The Canadian black community, accounting for only two percent of the Canadian population, will have a more difficult time achieving the strength of solidarity than African-Americans, who comprise 13 percent of the American population. In Canada, the growing numbers of second-generation blacks have more in common with the experiences of indigenous African-Canadians than with an increasingly remote Caribbean "homeland." Two writers who wonderfully evoke this sensibility are Montrealer Robert Edison Sandiford, the son of Bajan immigrants, in his short story collection Winter, Spring, Summer, Fall, and Stories and Calgary's Suzette Mayr, the daughter of German and Caribbean immigrants, in her novel Moon Honey in which the protagonist changes from white to brown.

Canada's blacks are primarily an urban people living in Montreal and Toronto. Boxhill reports that some 240,940 blacks live in Toronto, representing 47.8 percent of the African-Canadian population; another 101,890 blacks live in Montreal, accounting for another 20.1 percent of the total. Although African-Canadians are largely urban people, rural enclaves still exist in Nova Scotia, New Brunswick, south-western Ontario, and in Alberta and Saskatchewan. Halifax and Vancouver (with its 3.1 percent of the African-Canadian population, that is, 15, 385 souls) are crucial centres in their own right.

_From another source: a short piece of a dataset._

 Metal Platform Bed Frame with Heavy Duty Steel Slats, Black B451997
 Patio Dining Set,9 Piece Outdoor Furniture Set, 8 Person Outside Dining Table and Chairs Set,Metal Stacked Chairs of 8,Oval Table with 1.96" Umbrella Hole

Undeniably, the concentration of blacks in Canada's two largest cities grants these populations some political and economic clout. Not unexpectedly, then, Ontario has sent blacks, beginning with Lincoln Alexander, to the House of Commons in every election since 1968; in contrast, the first Black Nova Scotian (or Africadian, to use my preferred term) to enter Parliament, Gordon Earle, was elected only this past spring in Halifax, a city containing just 2.1 percent of the African-Canadian population (that is, 10,560 souls). Though it was possible to elect a black, Leonard Braithwaite, to the Ontario legislature in 1963, the feat could not be accomplished in the Nova Scotia legislature until 1993, when Wayne Adams won the special riding of Preston (the largest all-black community in Canada). As well as illustrating diversity, Torczyner's review of the census data tells us much about mobility and adds to our knowledge of the social circumstances of African- Canadians. His statistics offer a picture of relative black success, despite the community's well-founded complaints of job, school and housing discrimination as well as its justified charges of police brutality against black males.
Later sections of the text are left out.